EXTRACTED MATERIAL:
==========
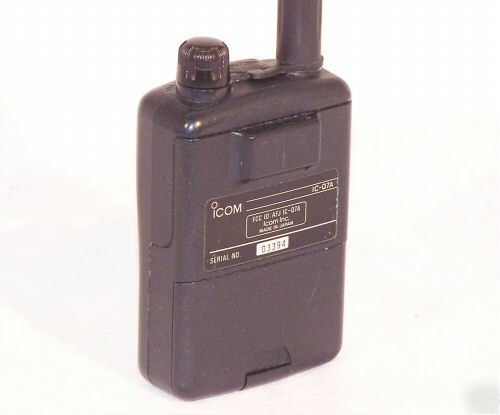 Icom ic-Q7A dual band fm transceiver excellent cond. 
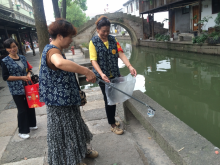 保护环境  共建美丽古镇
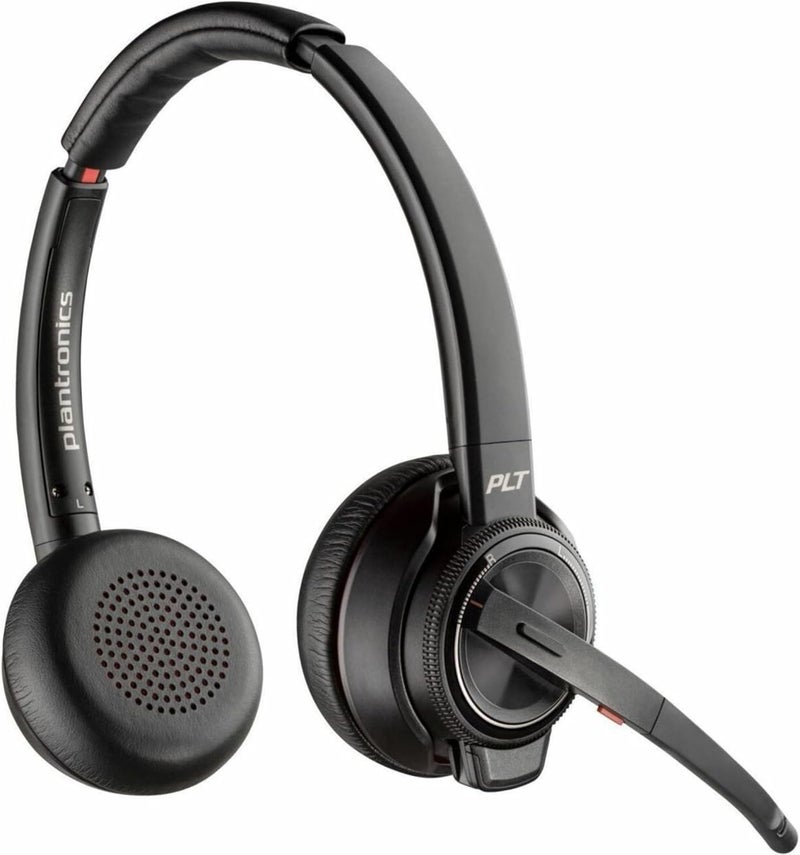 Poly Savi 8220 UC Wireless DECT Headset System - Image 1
==========
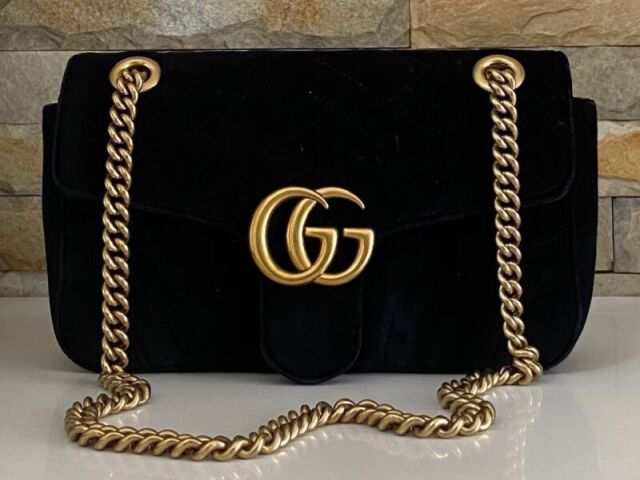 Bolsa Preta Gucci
==========
INSTRUCTIONS FOR THE TASK: The answer is the lines above from the one with "Icom ic-Q7A dual" to the one with "Poly Savi 8220", set down exactly, with no pictures.

THE COMPLETED TASK:
 Icom ic-Q7A dual band fm transceiver excellent cond. 
 保护环境  共建美丽古镇
 Poly Savi 8220 UC Wireless DECT Headset System - Image 1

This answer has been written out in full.